Following on the heels of a former Wal-Mart executive exposing a widespread bribery campaign inside Mexico orchestrated to "gain market dominance," additional details have been provided in a recently released New York Times investigation.
The former executive had been in charge of obtaining permits for Wal-Mart's subsidiary Wal-Mart de Mexico. He led investigators to a paper trail which showed that the price to skirt zoning regulations to construct their outlets and do business was ultimately $24 million dollars; next to nothing compared to its now $380 billion annual revenue in that country.
Surprising as it may seem to those who are understandably wary of corporate media, the New York Times has taken the lead in an independent investigation, which has resulted in the NYT issuing a definitive accusation of widespread corruption based on the evidence they uncovered, as detailed in the video below.

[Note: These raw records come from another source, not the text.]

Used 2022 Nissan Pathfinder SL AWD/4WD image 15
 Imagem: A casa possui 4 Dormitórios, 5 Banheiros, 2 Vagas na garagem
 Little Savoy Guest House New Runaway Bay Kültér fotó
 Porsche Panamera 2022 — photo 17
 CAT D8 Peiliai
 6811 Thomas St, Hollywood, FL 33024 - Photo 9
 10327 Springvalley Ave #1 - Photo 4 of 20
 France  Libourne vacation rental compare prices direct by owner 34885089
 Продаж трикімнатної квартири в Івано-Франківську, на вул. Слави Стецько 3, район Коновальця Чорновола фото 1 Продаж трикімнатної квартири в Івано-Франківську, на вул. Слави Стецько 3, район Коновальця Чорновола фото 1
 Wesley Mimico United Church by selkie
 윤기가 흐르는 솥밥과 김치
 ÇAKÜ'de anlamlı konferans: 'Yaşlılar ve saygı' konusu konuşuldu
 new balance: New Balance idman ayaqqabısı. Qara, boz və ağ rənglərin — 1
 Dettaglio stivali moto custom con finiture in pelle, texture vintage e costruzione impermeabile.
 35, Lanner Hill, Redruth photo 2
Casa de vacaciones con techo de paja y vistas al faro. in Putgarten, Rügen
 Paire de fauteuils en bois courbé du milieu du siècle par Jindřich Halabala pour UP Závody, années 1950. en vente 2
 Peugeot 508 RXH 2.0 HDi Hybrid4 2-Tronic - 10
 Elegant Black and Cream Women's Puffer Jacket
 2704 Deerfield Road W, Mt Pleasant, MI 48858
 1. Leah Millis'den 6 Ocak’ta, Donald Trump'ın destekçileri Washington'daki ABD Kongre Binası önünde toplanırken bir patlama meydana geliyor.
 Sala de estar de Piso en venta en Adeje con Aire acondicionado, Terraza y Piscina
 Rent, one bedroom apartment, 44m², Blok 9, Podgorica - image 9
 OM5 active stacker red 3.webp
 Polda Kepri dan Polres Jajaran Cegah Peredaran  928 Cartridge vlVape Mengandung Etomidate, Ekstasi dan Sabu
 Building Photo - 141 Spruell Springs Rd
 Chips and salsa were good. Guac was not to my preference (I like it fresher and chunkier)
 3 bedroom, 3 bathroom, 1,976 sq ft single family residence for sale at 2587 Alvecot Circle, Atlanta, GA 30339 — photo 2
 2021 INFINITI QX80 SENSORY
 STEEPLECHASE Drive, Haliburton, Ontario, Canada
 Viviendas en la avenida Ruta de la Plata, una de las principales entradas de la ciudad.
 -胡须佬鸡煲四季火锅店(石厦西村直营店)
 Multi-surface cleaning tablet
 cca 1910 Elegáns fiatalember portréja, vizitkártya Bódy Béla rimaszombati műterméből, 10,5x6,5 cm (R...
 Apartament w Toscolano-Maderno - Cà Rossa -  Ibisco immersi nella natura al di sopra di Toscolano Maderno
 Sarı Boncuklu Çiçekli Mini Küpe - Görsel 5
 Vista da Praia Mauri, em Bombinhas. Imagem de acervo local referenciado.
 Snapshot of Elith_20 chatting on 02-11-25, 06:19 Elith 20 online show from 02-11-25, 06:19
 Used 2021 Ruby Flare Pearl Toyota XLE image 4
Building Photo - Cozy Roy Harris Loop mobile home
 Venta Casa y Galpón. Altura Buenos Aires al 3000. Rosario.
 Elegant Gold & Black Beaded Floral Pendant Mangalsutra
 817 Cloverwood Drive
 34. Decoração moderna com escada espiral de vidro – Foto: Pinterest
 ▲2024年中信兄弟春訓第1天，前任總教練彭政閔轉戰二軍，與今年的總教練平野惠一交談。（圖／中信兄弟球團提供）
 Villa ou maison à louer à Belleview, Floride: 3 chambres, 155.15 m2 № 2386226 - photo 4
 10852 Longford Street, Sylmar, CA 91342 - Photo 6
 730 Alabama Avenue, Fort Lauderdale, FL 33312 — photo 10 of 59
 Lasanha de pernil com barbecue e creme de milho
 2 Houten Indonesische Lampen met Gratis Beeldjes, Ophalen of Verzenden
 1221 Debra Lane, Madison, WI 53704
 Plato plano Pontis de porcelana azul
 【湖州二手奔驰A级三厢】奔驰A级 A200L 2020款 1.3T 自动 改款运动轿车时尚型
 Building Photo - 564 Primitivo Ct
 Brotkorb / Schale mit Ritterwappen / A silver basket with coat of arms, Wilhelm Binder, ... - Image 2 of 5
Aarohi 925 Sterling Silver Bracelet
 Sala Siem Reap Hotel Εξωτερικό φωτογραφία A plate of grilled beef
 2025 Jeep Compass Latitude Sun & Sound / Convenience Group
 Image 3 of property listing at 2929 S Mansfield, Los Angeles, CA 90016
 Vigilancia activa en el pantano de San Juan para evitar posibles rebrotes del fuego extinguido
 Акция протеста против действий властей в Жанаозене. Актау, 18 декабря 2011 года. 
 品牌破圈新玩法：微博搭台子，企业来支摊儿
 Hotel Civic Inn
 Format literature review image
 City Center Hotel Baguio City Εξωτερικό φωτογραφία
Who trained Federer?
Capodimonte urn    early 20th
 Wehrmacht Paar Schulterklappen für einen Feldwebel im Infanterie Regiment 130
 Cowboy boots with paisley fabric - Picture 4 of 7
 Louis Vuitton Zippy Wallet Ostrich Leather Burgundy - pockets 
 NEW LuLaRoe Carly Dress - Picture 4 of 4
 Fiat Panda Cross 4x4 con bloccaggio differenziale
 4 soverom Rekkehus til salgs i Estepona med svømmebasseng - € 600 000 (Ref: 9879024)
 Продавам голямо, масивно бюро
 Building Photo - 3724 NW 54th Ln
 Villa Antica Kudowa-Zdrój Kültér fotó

The evidence of political payoffs, alterations of zoning maps, and unsafe construction practices is too overwhelming to deny. Furthermore, Wal-Mart had already taken steps to shut down their own investigation of their Mexican subsidiary in 2006 and Wal-Mart's then chief executive, H. Lee Scott, Jr. criticized internal investigators for being" overly aggressive." And their bribery campaign apparently is not only contained to Mexico . . . .
The Times needs to be commended for the lengths they went to in their investigation. As they state:
The Times has now picked up where Wal-Mart’s internal investigation was cut off, traveling to dozens of towns and cities in Mexico, gathering tens of thousands of documents related to Wal-Mart de Mexico permits, and interviewing scores of government officials and Wal-Mart employees, including 15 hours of interviews with the former lawyer, Sergio Cicero Zapata.
Wal-Mart's despicable behavior is being protested in every country where their business model of cheap slave goods and corruption has been instrumental in crushing local economies. These practices are becoming so brazen that even corporate media can't deny the level of corruption.
The recent fire that killed 112 people in a Bangladesh factory where some of Wal-Mart's clothes were produced put an additional spotlight on working conditions abroad. And research into the impact that Wal-Mart has on local U.S. communities has revealed nearly the same level of exploitation that Wal-Mart is well-known for across the world. Their use of slave labor is well documented as being instrumental to create "cheap" goods made by poor people in other countries so that poor people in the U.S. can afford them. Wal-Mart is an organization also known for blatant discrimination against women, and for wage and healthcare suppression.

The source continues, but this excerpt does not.